3. Originally Posted by syster
"Find how many numbers greater than 2500 can be formed from the digits 0,1,2,3,4 if no digit can be used more than once.
Please explain in details.
I find it so hard to understand this topic."

Clearly the only way you can get a larger number than 2500 is to either start with the 3 or the 4, any other starting number would be too small

now consider that you start with the number 3, it doesnt mater what order the other numbers go in the final number will always be bigger than 2500.
so you need to find the number of combinations that you can arrange 0,1,2,4 which is given by n!
so in this case is 4!=24

it is exactly the same if you start with 4

so your final answer will be

2x24=48

hope this helps
A number starting with 0 can still be greater than 2500. For example, 03124. This is still greater than 2500 isn't it.
I suspect there's a error in the question. This question was given by my lecturer.
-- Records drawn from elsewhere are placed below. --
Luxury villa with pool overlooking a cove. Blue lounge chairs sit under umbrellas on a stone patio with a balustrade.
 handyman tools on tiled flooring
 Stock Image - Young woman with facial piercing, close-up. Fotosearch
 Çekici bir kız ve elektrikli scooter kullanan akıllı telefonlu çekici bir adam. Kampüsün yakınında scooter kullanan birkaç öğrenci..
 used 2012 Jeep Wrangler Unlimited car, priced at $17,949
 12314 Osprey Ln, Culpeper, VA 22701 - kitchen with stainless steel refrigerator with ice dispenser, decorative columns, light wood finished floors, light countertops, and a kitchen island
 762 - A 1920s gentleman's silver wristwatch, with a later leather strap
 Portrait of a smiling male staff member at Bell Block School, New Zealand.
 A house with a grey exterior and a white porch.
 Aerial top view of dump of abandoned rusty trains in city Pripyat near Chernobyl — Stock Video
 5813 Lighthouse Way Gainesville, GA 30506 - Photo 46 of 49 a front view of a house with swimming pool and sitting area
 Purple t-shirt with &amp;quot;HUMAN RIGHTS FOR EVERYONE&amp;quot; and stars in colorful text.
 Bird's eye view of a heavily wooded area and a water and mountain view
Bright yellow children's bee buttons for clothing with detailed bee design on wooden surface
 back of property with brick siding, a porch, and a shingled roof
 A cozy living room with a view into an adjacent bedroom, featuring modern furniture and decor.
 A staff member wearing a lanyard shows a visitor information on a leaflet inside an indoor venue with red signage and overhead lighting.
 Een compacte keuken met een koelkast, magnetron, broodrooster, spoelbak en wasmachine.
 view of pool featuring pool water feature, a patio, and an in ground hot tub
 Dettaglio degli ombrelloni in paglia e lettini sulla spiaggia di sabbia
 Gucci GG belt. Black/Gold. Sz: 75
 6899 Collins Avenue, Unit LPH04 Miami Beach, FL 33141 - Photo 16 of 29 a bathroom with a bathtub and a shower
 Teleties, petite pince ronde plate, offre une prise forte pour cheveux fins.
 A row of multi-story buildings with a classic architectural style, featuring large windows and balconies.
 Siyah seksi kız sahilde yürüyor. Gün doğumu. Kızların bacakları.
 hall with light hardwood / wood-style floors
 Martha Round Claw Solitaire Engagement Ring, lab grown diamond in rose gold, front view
If the question is looking for number greater than 25000, then i can see the answer is 48.

4. oh yea sorry bwt that

well if we assume there isnt a mistake we can do the same sort of thing, by looking at how many numbers are less than 2500 and taking it away from the total

It will have to start with the zero
Then asume the second number is 1 then the other 3 numbers (2,3,4) can be arranged in 3!=6 different ways

now say the second number is 2, we can clearly see the next 3 numbers can be arranged in any order the resulting number will always be less than 2500 for example 02431<2500
so again there are 3!=6 diffent numbers

with a bit of thought you can see there are no other options, since if the second number was 3 the resulting final number will be to large.

so we now know there are 6+6=12 numbers the can be made from 0,1,2,3,4 that are less than 2500

finaly consider the total number of combinations which is as i said before n! giving in this case 5!=120

so your answer must be 120-12=108

hope this wasnt too confusing

5. Originally Posted by azuki
A number starting with 0 can still be greater than 2500. For example, 03124. This is still greater than 2500 isn't it.
I suspect there's a error in the question. This question was given by my lecturer. If the question is looking for number greater than 25000, then i can see the answer is 48.
For example, 03124.
Well that is one of the 48 that has already been counted, the four digit numbers greater than 2500.
Usually, a five digit number cannot begin with zero.
So there are 4 possible first digits leaving 4 other digits.
TOTAL: $4(4!)+48$ greater than 2500.